EXERCISE DETAILS: Nothing but the lines from the one with "Cat Pumps 4" through the end of the records may appear in the answer, each reproduced exactly, pictures omitted.

GIVEN DATA:

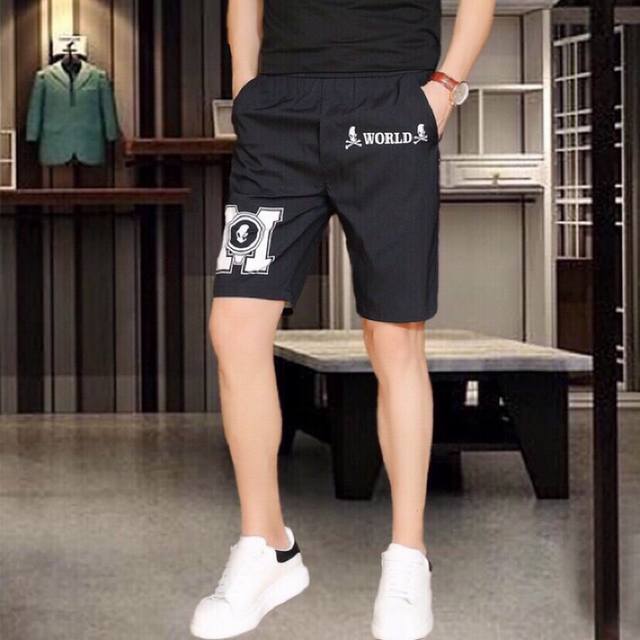 Mcq McQueen's new summer collection features popular casual shorts on the offici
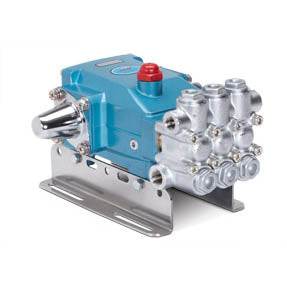 Cat Pumps 4 GPM 2500 PSI 950 RPM 5CP2120W Model Plunger Pump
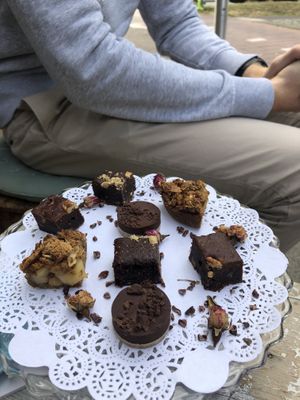 Cake sharing platter for 2 (apple pie, plain brownie, brownie with nuts, and chocolate-coconut tart) at Rose & Vanilla in Utrecht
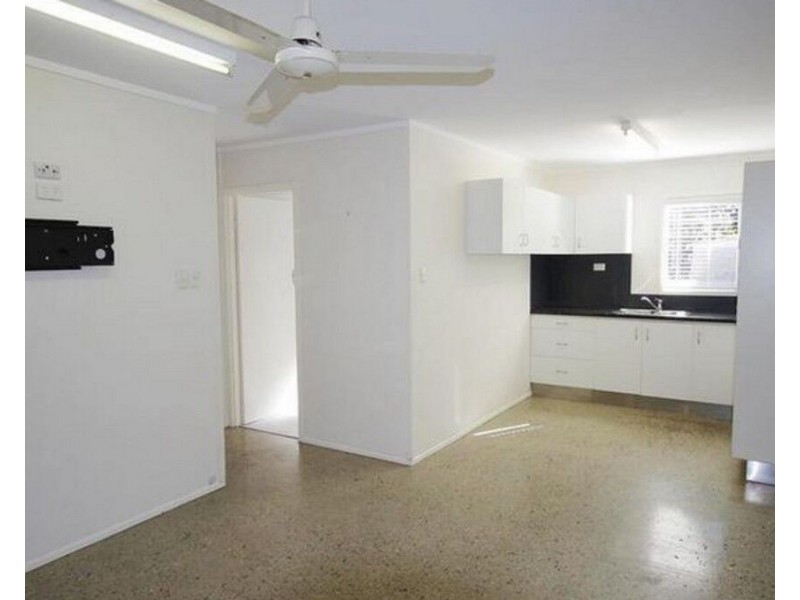2/9 Thirteenth Avenue, Palm Beach QLD 4221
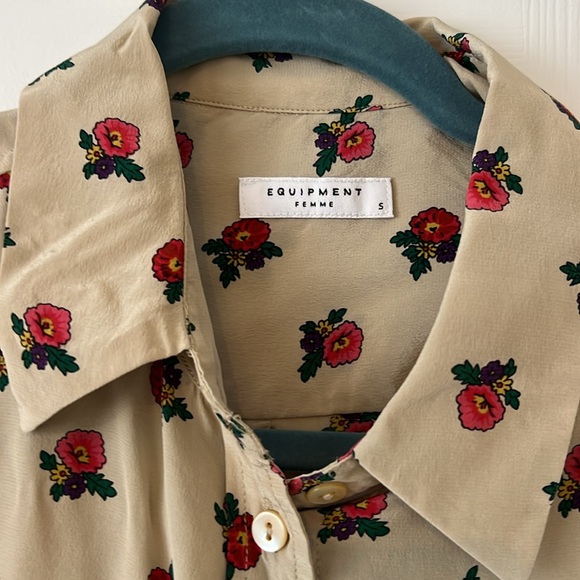 Equipment 100% silk blouse with floral print and front pockets. Size S. EUC - Picture 2 of 7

ANSWER TO THE PROBLEM:
 Cat Pumps 4 GPM 2500 PSI 950 RPM 5CP2120W Model Plunger Pump
 Cake sharing platter for 2 (apple pie, plain brownie, brownie with nuts, and chocolate-coconut tart) at Rose & Vanilla in Utrecht
2/9 Thirteenth Avenue, Palm Beach QLD 4221
 Equipment 100% silk blouse with floral print and front pockets. Size S. EUC - Picture 2 of 7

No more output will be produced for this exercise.